*** Opening of EXERCISE MATERIALS ***

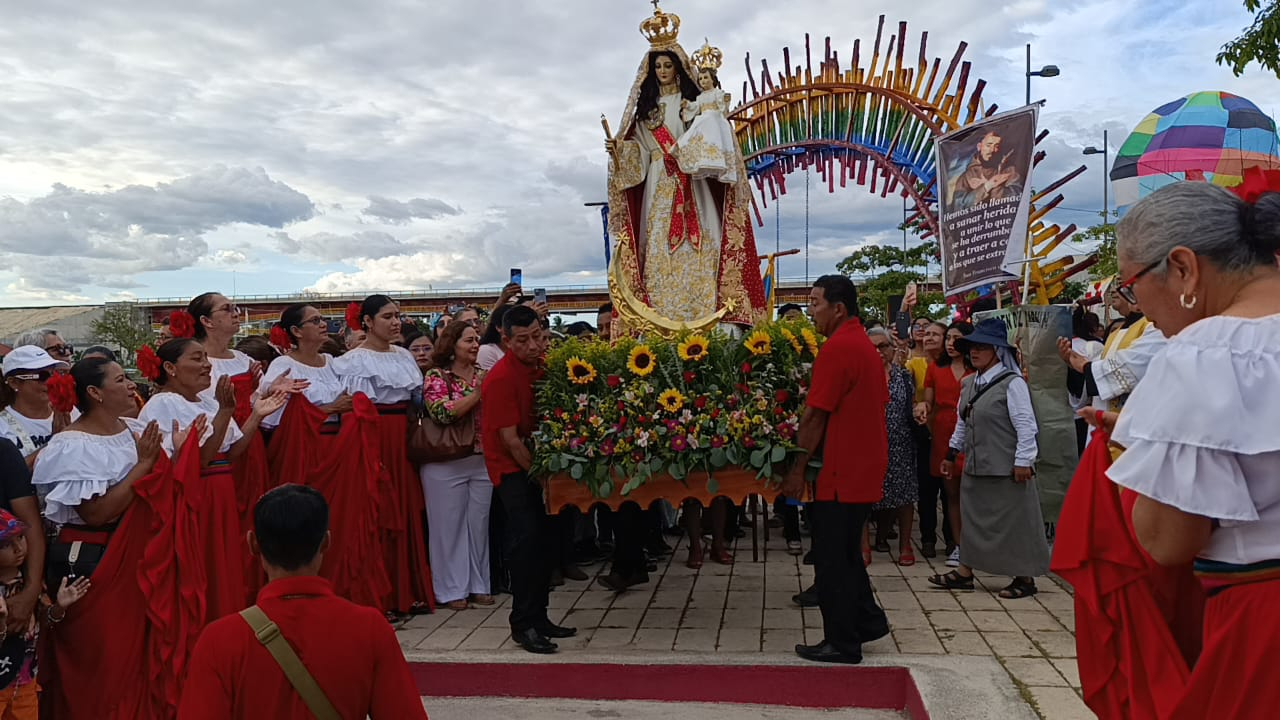En el municipio de Candelaria cientos de feligreses acompañaron a la virgen en su paseo por el río En el municipio de Candelaria cientos de feligreses acompañaron a la virgen en su paseo por el río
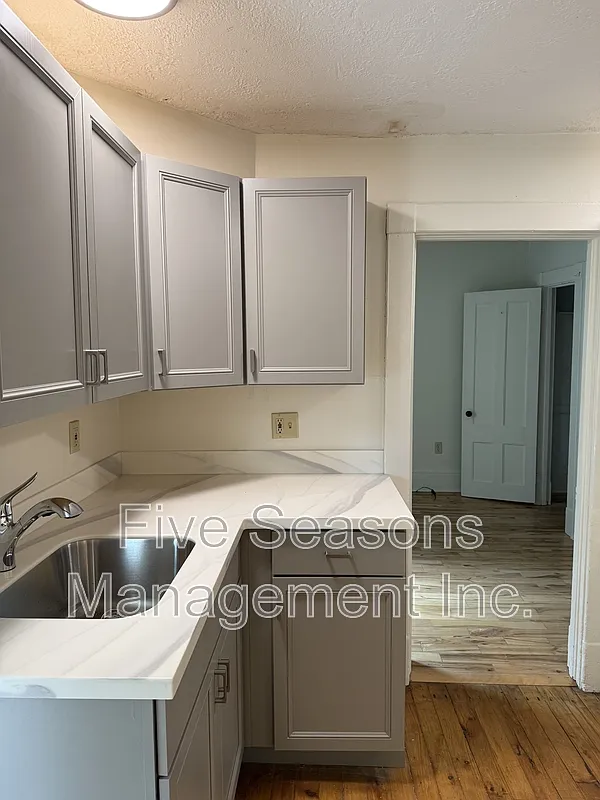 3 bed, 1.0 bath, 900 sqft, $2,300 — Photo 3
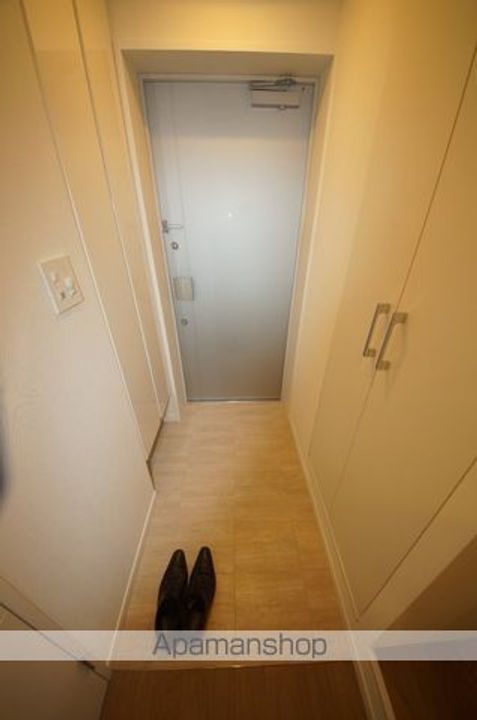 JOYOUSGARD代々木302の玄関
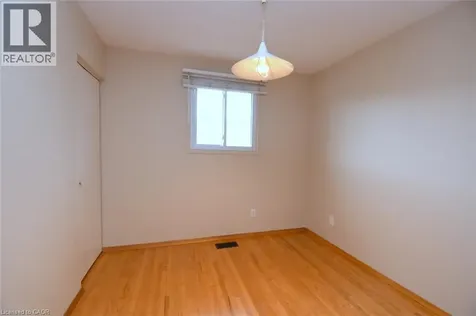 68 Tindale Court Hamilton ON L8K 6C7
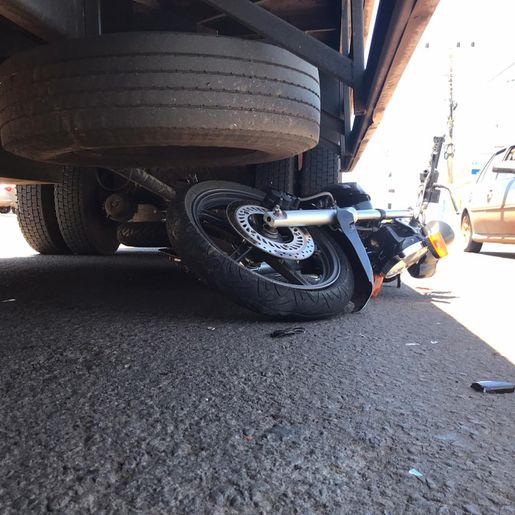 VÍDEO: Acidente deixa motociclista ferido na Avenida Willy Barth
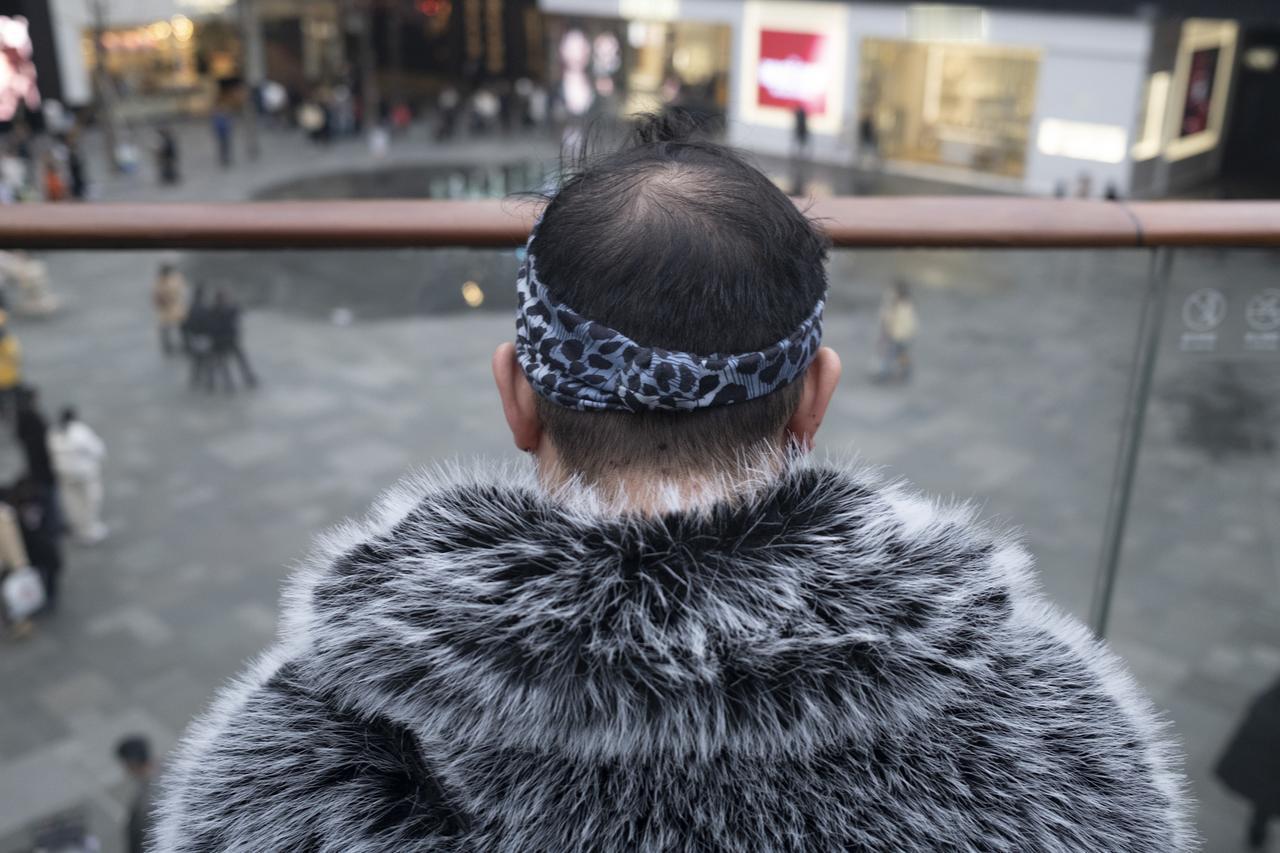 这大哥的装扮您觉得怎么样？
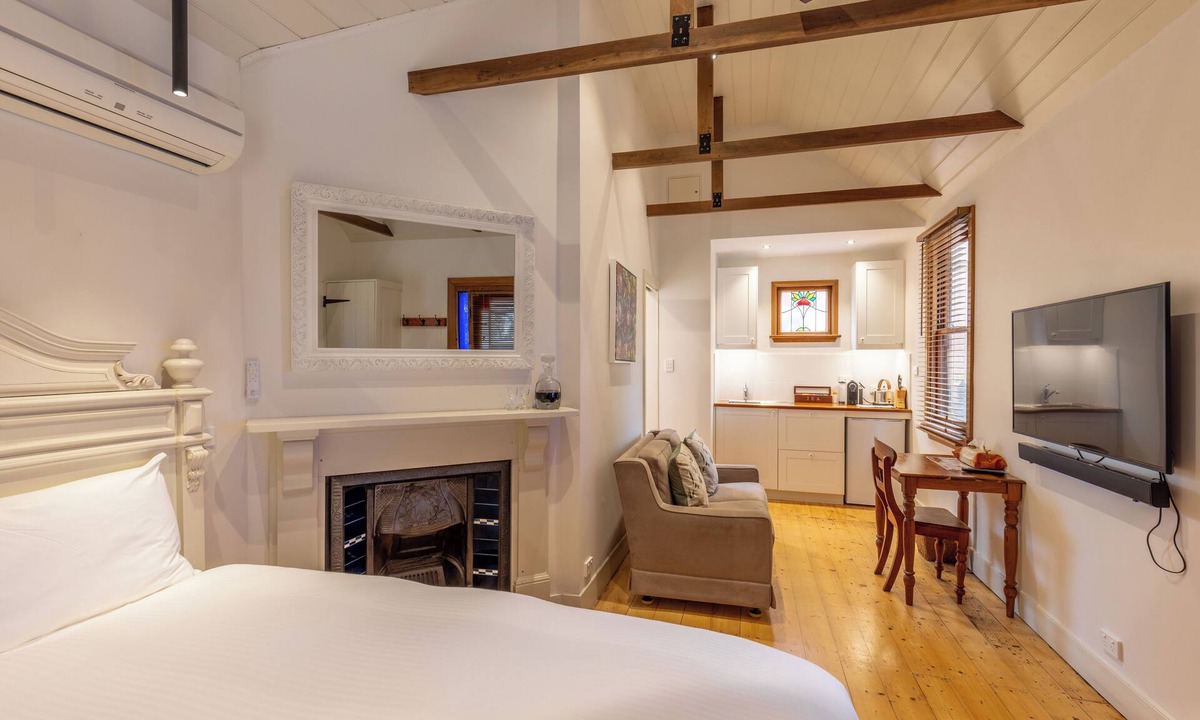 Sale Hotel | Bon Accord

*** Close of EXERCISE MATERIALS ***

→ YOUR OBJECTIVE
With all pictures excluded, output exactly the lines from the one containing "JOYOUSGARD代々木302の玄関" through the final line of the entries, inclusive.

→ COMPLETED TASK
 JOYOUSGARD代々木302の玄関
 68 Tindale Court Hamilton ON L8K 6C7
 VÍDEO: Acidente deixa motociclista ferido na Avenida Willy Barth
 这大哥的装扮您觉得怎么样？
 Sale Hotel | Bon Accord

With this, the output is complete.